I have been trying to solve this one problem from the Duke Math Meet, which does not provide a solution:

Find all solutions of $(x^2+7x+6)^2 + 7(x^2+7x+6) + 6=x$

At first I tried to factorize the polynomial, but always had the right hand side x remain, which was inconvenient. I then tried using the fact that one can write the left hand side as a composition of functions, and equated that with the inverse of the quadratic plugged into the function, but that was a very nasty equation with square roots, still ending up with a quartic.

What other solution paths are viable for this problem, and is there a way to factor the quartic?

Solution 1:

Let $$y=x^2+7x+6$$ $$x=y^2+7y+6$$ thus $$y-x=(x-y)(x+y)+7(x-y)$$ so either

$$x=y$$ or

$$-1=x+y+7$$

Both of these cases reduce the problem to simple quadratic equations.

And you get $$x=-4\pm\sqrt{2},-3\pm\sqrt{3}$$

Solution 2:

Define $f(x)\stackrel{\text{def}}{=}x^2+7x+6$. Then, as you've noted, this equation is $$f(f(x))=x\text{.}$$ Certainly any solution of $f(x)=x$ is a solution of your equation, since for such $x$, $f(f(x))=f(x)=x$.

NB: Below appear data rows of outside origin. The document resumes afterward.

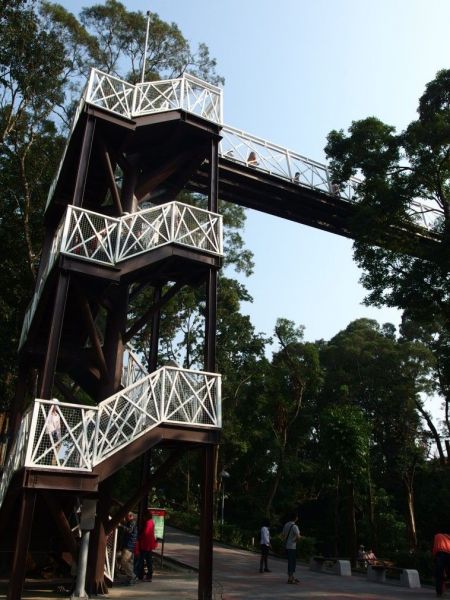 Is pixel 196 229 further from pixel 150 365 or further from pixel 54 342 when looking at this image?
pixel 150 365

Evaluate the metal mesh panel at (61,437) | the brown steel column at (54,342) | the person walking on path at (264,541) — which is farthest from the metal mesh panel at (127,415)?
A: the person walking on path at (264,541)

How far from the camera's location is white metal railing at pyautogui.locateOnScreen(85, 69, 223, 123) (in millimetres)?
12078

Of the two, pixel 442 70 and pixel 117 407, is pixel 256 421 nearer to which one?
pixel 442 70

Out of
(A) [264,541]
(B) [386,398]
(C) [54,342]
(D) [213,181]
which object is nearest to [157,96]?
(D) [213,181]

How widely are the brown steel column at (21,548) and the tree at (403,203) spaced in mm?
13050

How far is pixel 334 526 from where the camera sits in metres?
36.6

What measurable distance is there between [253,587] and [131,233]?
794 centimetres

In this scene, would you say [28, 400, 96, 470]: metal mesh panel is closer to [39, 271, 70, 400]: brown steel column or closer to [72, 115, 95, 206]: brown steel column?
[39, 271, 70, 400]: brown steel column

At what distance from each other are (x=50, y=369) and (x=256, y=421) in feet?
78.3

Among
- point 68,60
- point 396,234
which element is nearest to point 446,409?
point 396,234

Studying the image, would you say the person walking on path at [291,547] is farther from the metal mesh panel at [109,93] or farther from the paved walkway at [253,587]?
the metal mesh panel at [109,93]

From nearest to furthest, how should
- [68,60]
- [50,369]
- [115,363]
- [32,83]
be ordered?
[50,369] → [115,363] → [32,83] → [68,60]

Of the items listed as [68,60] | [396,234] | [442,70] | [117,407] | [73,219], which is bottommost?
[117,407]

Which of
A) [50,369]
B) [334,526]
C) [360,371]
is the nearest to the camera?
[50,369] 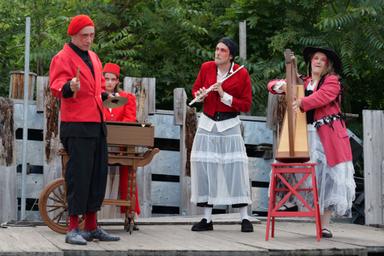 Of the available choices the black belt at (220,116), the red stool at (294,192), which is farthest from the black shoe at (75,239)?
the black belt at (220,116)

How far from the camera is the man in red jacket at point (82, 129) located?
6211mm

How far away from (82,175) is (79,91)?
2.18 ft

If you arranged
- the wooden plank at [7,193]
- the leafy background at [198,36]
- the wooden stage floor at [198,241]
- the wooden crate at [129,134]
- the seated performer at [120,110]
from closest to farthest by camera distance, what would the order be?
the wooden stage floor at [198,241], the wooden crate at [129,134], the seated performer at [120,110], the wooden plank at [7,193], the leafy background at [198,36]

Now here's the trick: since $f(x)-x$ and $f(f(x))-x$ are polynomials such that the roots of the former are roots of the latter, We can use the Division Algorithm to get a new quadratic polynomial $$g(x)=\frac{f(f(x))-x}{f(x)-x}\text{.}$$ Then the roots of $f(f(x))-x$ are the roots of $f(x)-x$ together with the roots of $g(x)$.